By Janet Shamlian
Updated: 12:51 p.m. ET May 17, 2005
KINGWOOD, Texas - Karen Scherr is the top academic student in her class at Kingwood High School in the Houston area, and she has been for the past four years.
But when the 18-year-old receives her diploma this month, she’ll do so without the title just about everyone expected her to have: valedictorian.
Kingwood High school has handed that honor to another student, saying Scherr doesn’t qualify for the award.
“I was disappointed,” said Scherr. “I’d hoped the rule would not have to be enforced.”
Attendance record negates academic record
Scherr was referring to a requirement that the school’s valedictorian be enrolled in classes by the 20th day of their junior year.
It’s a rule aimed at keeping students from other schools from transferring into Kingwood late in their high school careers to claim one of the coveted top 10 academic spots.
Scherr’s been in the Kingwood school system since kindergarten. But she wasn’t enrolled in her high school on that 20th day of her junior year.
Instead, she was in a treatment facility seeking help for the eating disorder, anorexia nervosa.
“I was sick. That’s part of the disorder,” said Scherr. “It’s a mental disease.”
While the school warned the Scherr family of their strict attendance policy, her parents made the decision to keep her hospitalized in Oklahoma until her medical treatment was complete a few weeks later.
Through it all, she kept up her class work and stayed at the top of her class despite her illness.
Students rally behind her
“I couldn’t believe it. I wanted to help her immediately. She’s worked so hard for it,” said Lauren Bonds, the Kingwood school newspaper editor.
Bonds also battled the eating disorder and felt Scherr should be rewarded, not punished, for seeking help. “I know what it’s like to go through that. It’s always with you.”
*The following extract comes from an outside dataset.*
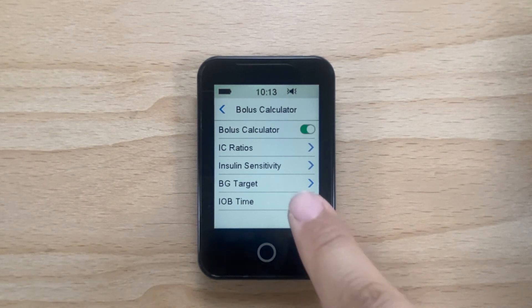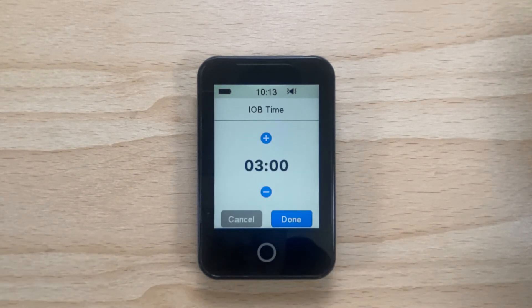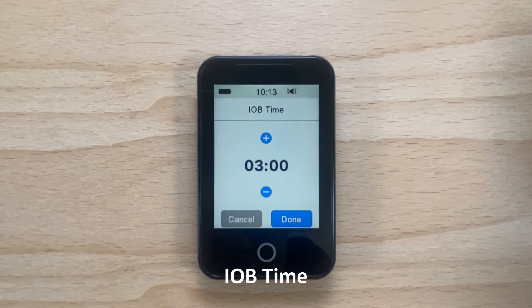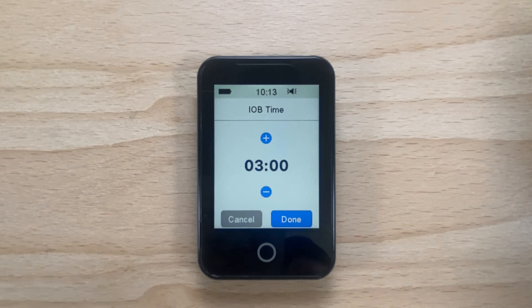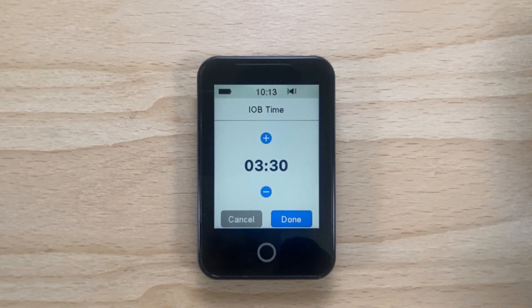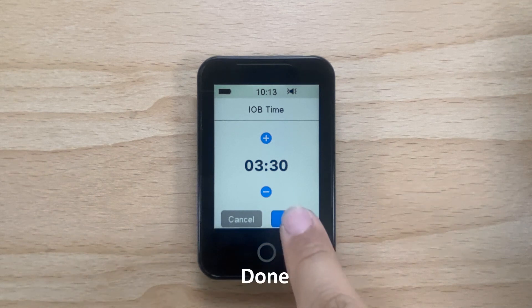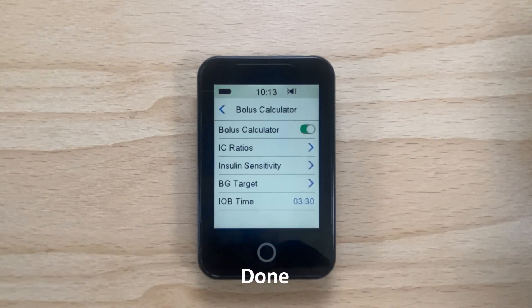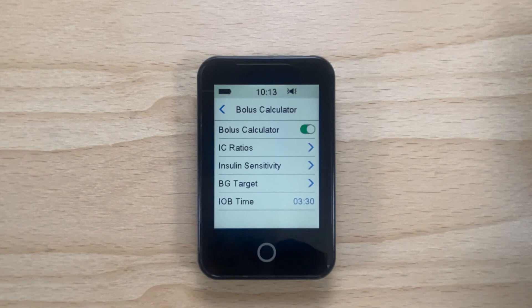Now you can set your insulin on board time for your pump by tapping on IOB Time. You can adjust the IOB time by tapping on the plus or minus. Now tap Done. The bolus calculator is now set up and ready to use.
Despite student petitions and pleas from students on the Top 10 list at Kingwood High, school officials said the title instead would go to the number two student, Alex Gorham.
Gorham said the victory would be a hollow one for him and asked the school to reconsider.
Many in the senior class of 800 felt the same.
“She has a disease,” said Travis Boeker, a fellow student. “If it was cancer, this wouldn’t be an issue.”
“She was able to maintain her grades and still stay ahead of the class during a very difficult personal time,” said student Addison Beard. “The title belongs to her.”
What should Kingswood high school do?
Scherr says she made the right choice to miss school to seek treatment. “That was the best decision. I don’t regret it at all. It was a choice made with input from my parents and doctors. I’m ok with it.”
School officials insist they won’t change their minds, saying it would be unfair to retroactively change the rules at the end of the school year.
Kingwood has offered Scherr the title Honorary Valedictorian — a title she’s not sure she’ll accept. More important than the trophy, the teen says, her self-esteem is intact.
“That’s more important than any achievement or any title you could ever get,” Scherr said. “I’m thankful I’ve learned that at this point in my life, at 18 years old.”
A young woman who says she doesn’t need a prize to appreciate all she’s accomplished, inside and outside the classroom.
Janet Shamlian is an NBC News Correspondent based in Dallas.